» **What to produce**
Every line of the listing must be reproduced as it stands. Leave the images behind.

══ Dataset section ══

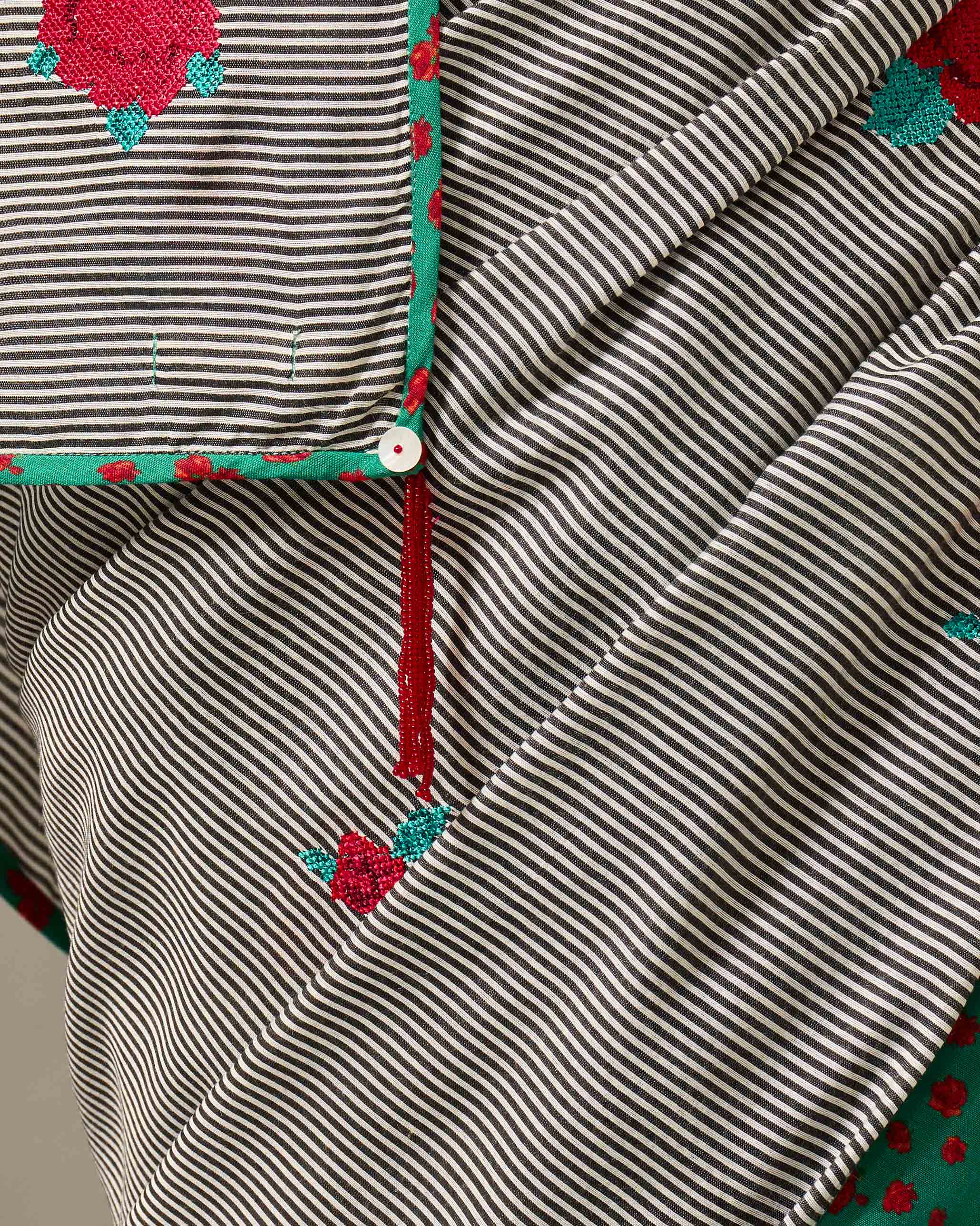 Striped Rose Sari - Black & Ivory Embroidered - Image 3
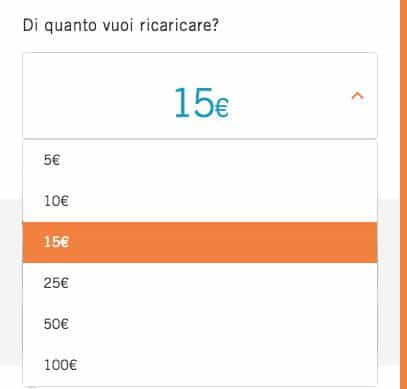 come scegliere importo ricarica wind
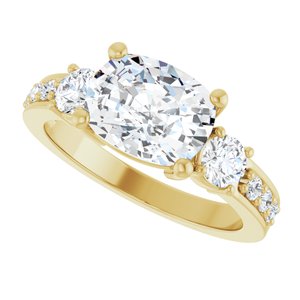 10K Yellow Gold 9x7 mm Elongated Cushion Ring Mounting – image 8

═══

» **Result of the exercise**
 Striped Rose Sari - Black & Ivory Embroidered - Image 3
 come scegliere importo ricarica wind
 10K Yellow Gold 9x7 mm Elongated Cushion Ring Mounting – image 8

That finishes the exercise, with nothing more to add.